You also need to be prepared with your medication list complete with dosages and how often you take your medicines. Walking into a physician's office for a follow up without knowing what medications you're on is dangerous. Physicians know that a patient may have seen multiple doctors. Medications often get changed at the cardiologist's office, pulmonologist's office, or by an interchange required by insurance. You need to be prepared by bringing an up-to-date list of your medications with you to each and every appointment with each and every physician. Even better is to bring the bottles with youDon't forget vitamins, herbs, supplements, and inhalers and injectables (think insulin).

When you move to a new city and have to get a new doctor you need to also be prepared with your medical records.

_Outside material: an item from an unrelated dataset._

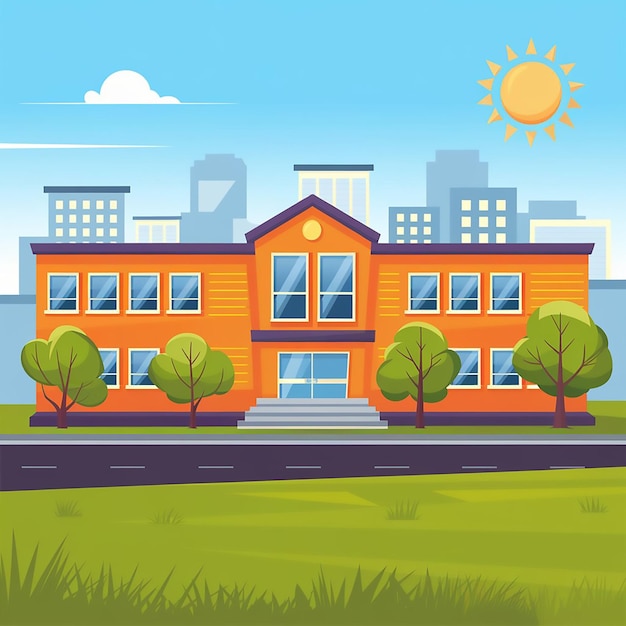 Photo flat style school building isolated design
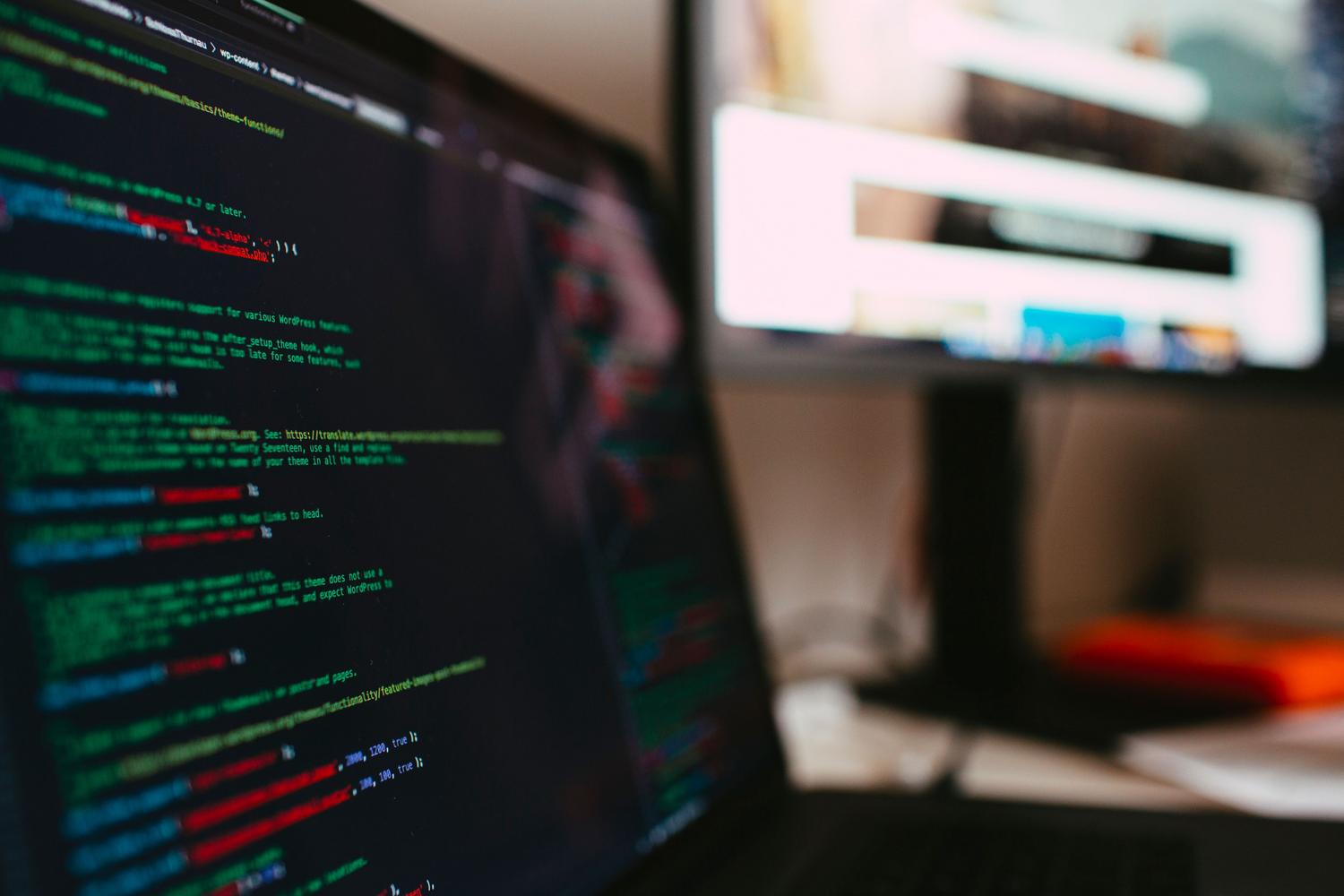 Detailed view of programming code on a screen, symbolizing the Markdown syntax structure.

If you haven't been able to get records copied and sent to your new physician, at least have the physician that you used to go to give you a copy of your face sheet from your electronic medical record. This should include your past medical and surgical history, family history, allergies, medications, immunizations, and health maintenance tasks like mammograms bone densities colonoscopies etc. Don't forget that your DENTIST needs these records too.
If your doctor doesn't have and electronic medical record, ask for copies of your immunizations, and preventive services flow sheets. This should include your last mammogram, prostate exam, PSA (if done), Pap smear, bone density, and colon cancer screening. YOU can write up your OWN past medical/surgical/family history. Write down if you ever smoked, how much and for how long. If you drink alcohol, how many drinks a week do you have? Do use use any prescription or street drugs for recreational use? Let your doctor know!
In summary:
  • Know how long your appointment is 
  • inform your physician in the first minute of the multiple medical problems that you are bringing to him/her, 
  • respect the time limit, 
  • know your medications, 
  •  AND 
  • if you see a new physician, bring a snapshot from your old physicians electronic medical record to inform him or her of your past medical history.